Accepted for/Published in: JMIR Cardio
Date Submitted: Oct 29, 2024
Open Peer Review Period: Nov 5, 2024 - Dec 31, 2024
Date Accepted: Feb 24, 2025
(closed for review but you can still tweet)
Warning: This is an author submission that is not peer-reviewed or edited. Preprints - unless they show as "accepted" - should not be relied on to guide clinical practice or health-related behavior and should not be reported in news media as established information.

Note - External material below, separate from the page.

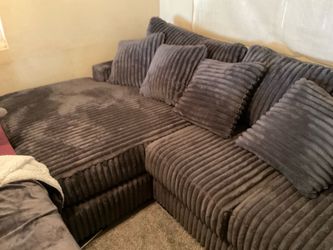New couch for sale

Machine Learning-Based Prediction of Coronary Heart Disease: Comprehensive Insights from the Suita Study
ABSTRACT
Background:
Coronary heart disease (CHD) is a major cause of morbidity and mortality worldwide. Identifying key risk factors is essential for effective risk assessment and prevention. Machine learning (ML) offers advanced methods for analyzing complex datasets, revealing novel predictors of CHD beyond traditional models.
Objective:
This study aims to evaluate the contribution of various risk factors to CHD, focusing on both established and novel markers using machine learning techniques.
Methods:
The study recruited 7,672 participants aged 30 to 84 years from Suita City, Japan, between 1989 and 1999. Over an average of 15 years, participants were monitored for cardiovascular events. Five ML models—Random Forest (RF), XGBoost, Support Vector Machine (SVM), Logistic Regression (LR), and LightGBM—were used. The optimal model was identified based on accuracy, sensitivity, specificity, and AUC. SHapley Additive exPlanations (SHAP) were then employed to explore the contribution of various risk factors to CHD.
Results:
RF achieved the highest AUC (95% CI) of 0.94 (0.93-0.96), outperforming LR, SVM, XGBoost, and LightGBM. SHAP on the best model identified the top CHD predictors. Intima-media thickness of common carotid artery (IMT_cMax) was identified as the strongest predictor of CHD, highlighting the importance of arterial health. Systolic and diastolic blood pressure, along with lipid profiles (non-HDL cholesterol, HDL cholesterol, and triglycerides), were closely associated with CHD incidence. eGFR underscored the link between renal function and CHD. Novel insights included the impact of lower calcium levels, systemic inflammation (elevated WBC counts), fructosamine levels, and obesity-related factor (body fat percentage). A protective effect in females indicated the need for sex-specific CHD management strategies.
Conclusions:
ML, particularly the RF model combined with SHAP, effectively identified key risk factors for CHD, including arterial health, blood pressure, lipid profiles, renal function, and novel markers. These findings support a multifactorial approach to CHD risk assessment.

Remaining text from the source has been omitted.